WHAT TO DO. Repeat exactly, please, the opening lines of the data below, through and including the line where "Η σκιά στο χαλί" sits.

Extracted data entries.
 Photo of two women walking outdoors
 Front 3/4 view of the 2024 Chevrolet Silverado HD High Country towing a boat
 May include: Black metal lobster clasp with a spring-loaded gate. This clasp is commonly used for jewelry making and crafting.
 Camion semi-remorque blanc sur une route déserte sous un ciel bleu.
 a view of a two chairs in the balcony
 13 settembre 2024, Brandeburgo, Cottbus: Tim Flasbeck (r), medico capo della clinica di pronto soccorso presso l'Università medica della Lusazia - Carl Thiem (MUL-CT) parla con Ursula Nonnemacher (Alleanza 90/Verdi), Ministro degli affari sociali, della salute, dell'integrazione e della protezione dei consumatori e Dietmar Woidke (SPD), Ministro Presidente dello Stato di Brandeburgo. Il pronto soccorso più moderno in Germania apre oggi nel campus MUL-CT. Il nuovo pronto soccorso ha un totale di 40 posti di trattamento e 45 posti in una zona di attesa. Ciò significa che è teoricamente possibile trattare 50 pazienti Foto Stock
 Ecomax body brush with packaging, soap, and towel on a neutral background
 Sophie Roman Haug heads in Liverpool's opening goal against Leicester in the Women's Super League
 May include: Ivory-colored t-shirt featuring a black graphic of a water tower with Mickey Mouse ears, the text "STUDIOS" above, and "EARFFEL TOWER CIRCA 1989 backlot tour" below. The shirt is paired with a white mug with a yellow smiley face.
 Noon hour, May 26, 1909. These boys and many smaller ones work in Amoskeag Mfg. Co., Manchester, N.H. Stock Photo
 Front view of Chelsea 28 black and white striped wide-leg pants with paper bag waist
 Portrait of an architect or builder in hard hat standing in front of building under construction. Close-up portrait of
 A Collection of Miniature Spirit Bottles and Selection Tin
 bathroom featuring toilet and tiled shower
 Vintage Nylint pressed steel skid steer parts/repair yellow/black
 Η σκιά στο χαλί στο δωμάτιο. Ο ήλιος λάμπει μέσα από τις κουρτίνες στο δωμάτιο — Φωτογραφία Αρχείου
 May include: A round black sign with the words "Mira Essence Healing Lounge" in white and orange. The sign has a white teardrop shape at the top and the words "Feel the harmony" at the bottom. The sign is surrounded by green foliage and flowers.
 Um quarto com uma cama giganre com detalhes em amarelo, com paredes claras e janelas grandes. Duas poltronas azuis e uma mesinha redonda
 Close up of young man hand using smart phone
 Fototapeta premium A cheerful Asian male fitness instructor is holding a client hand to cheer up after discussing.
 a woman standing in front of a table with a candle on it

RESULT OF THIS TASK.
 Photo of two women walking outdoors
 Front 3/4 view of the 2024 Chevrolet Silverado HD High Country towing a boat
 May include: Black metal lobster clasp with a spring-loaded gate. This clasp is commonly used for jewelry making and crafting.
 Camion semi-remorque blanc sur une route déserte sous un ciel bleu.
 a view of a two chairs in the balcony
 13 settembre 2024, Brandeburgo, Cottbus: Tim Flasbeck (r), medico capo della clinica di pronto soccorso presso l'Università medica della Lusazia - Carl Thiem (MUL-CT) parla con Ursula Nonnemacher (Alleanza 90/Verdi), Ministro degli affari sociali, della salute, dell'integrazione e della protezione dei consumatori e Dietmar Woidke (SPD), Ministro Presidente dello Stato di Brandeburgo. Il pronto soccorso più moderno in Germania apre oggi nel campus MUL-CT. Il nuovo pronto soccorso ha un totale di 40 posti di trattamento e 45 posti in una zona di attesa. Ciò significa che è teoricamente possibile trattare 50 pazienti Foto Stock
 Ecomax body brush with packaging, soap, and towel on a neutral background
 Sophie Roman Haug heads in Liverpool's opening goal against Leicester in the Women's Super League
 May include: Ivory-colored t-shirt featuring a black graphic of a water tower with Mickey Mouse ears, the text "STUDIOS" above, and "EARFFEL TOWER CIRCA 1989 backlot tour" below. The shirt is paired with a white mug with a yellow smiley face.
 Noon hour, May 26, 1909. These boys and many smaller ones work in Amoskeag Mfg. Co., Manchester, N.H. Stock Photo
 Front view of Chelsea 28 black and white striped wide-leg pants with paper bag waist
 Portrait of an architect or builder in hard hat standing in front of building under construction. Close-up portrait of
 A Collection of Miniature Spirit Bottles and Selection Tin
 bathroom featuring toilet and tiled shower
 Vintage Nylint pressed steel skid steer parts/repair yellow/black
 Η σκιά στο χαλί στο δωμάτιο. Ο ήλιος λάμπει μέσα από τις κουρτίνες στο δωμάτιο — Φωτογραφία Αρχείου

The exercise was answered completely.